_Task statement:_ A word-for-word copy is needed of the line containing "Two Empty Wooden" and every line after it through the end of the records below, leaving out all pictures.

[Recorded data]
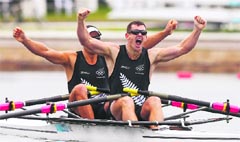 New Zealand's Joseph Sullivan (front) and Nathan Cohen celebrate winning the men's double sculls finals. � Reuters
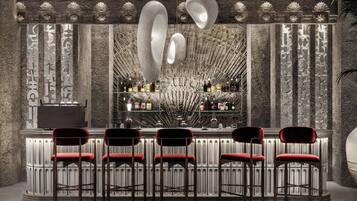 A bar area with a stone wall, bar stools, and a variety of bottles.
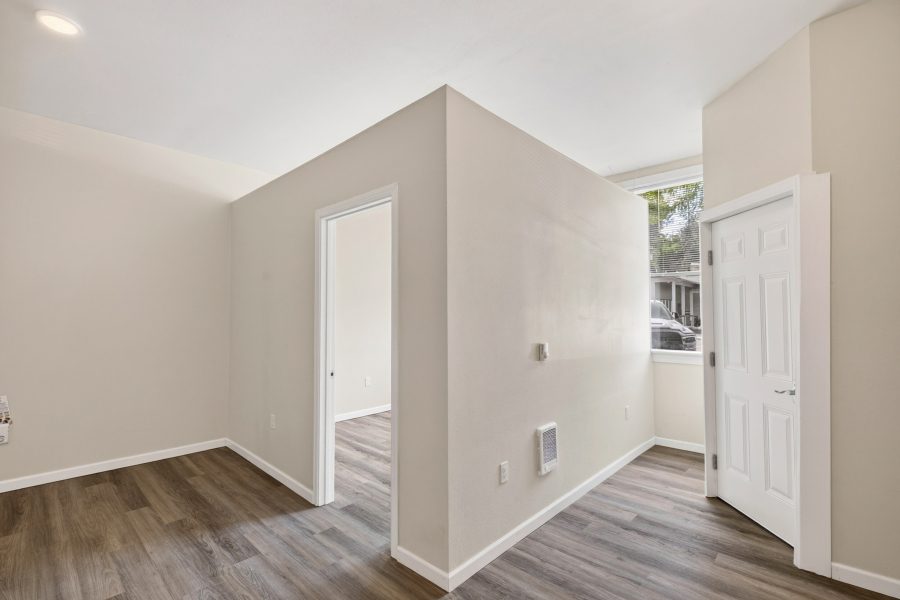 Unit 2 entry and hallway with the front door and a wall heater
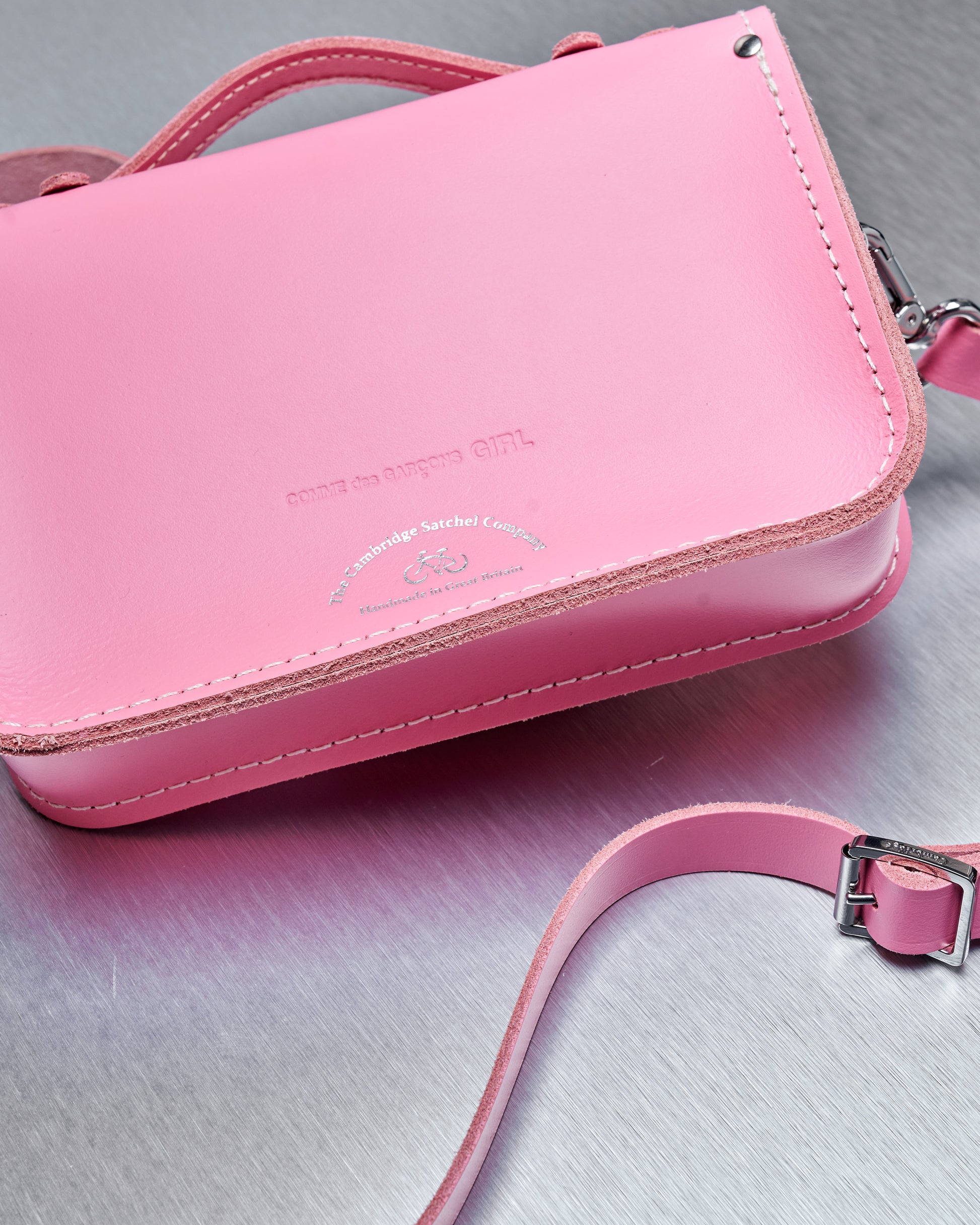 A pink leather Comme des Garcons satchel with a top handle and adjustable strap rests on a metallic surface. The bag has embossed branding, conveying a stylish tone.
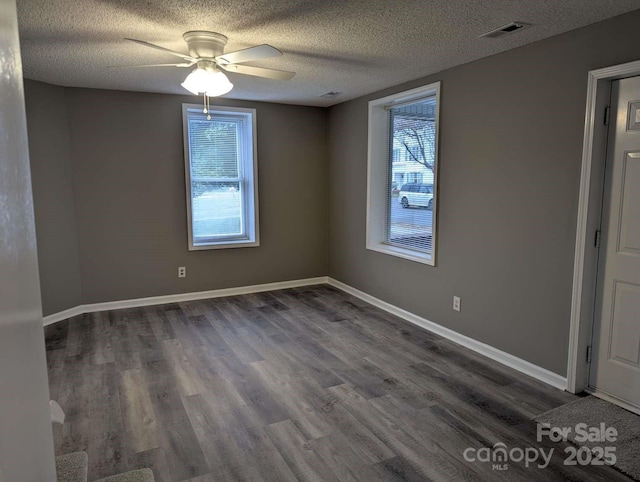 empty room with visible vents, a textured ceiling, baseboards, ceiling fan, and dark wood-style flooring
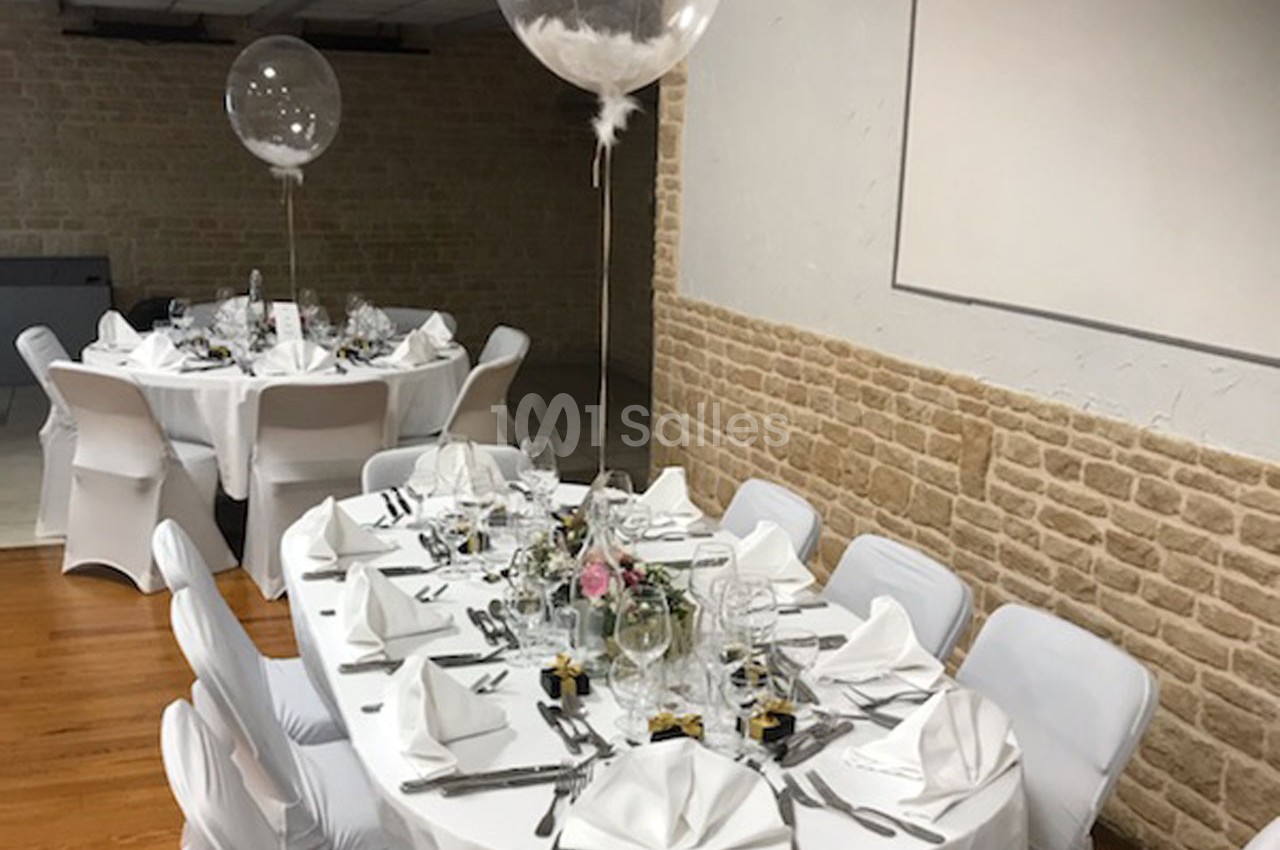 Salle décorée pour un événement avec tables rondes dressées, nappes blanches, chaises houssées et ballons transparents.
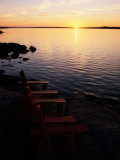 Two Empty Wooden Chairs Sit on Maine's Rocky Coast as the Sun Sets over the Horizon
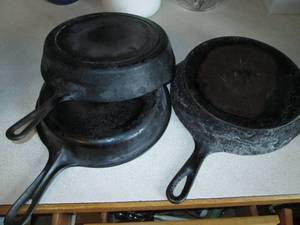 lot 52 image: Trio of cast iron skillets...
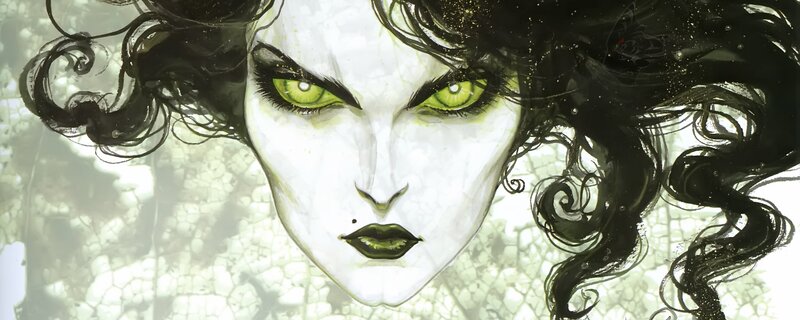 woman with green eyes and black hair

_Solution to this problem:_
 Two Empty Wooden Chairs Sit on Maine's Rocky Coast as the Sun Sets over the Horizon
 lot 52 image: Trio of cast iron skillets...
 woman with green eyes and black hair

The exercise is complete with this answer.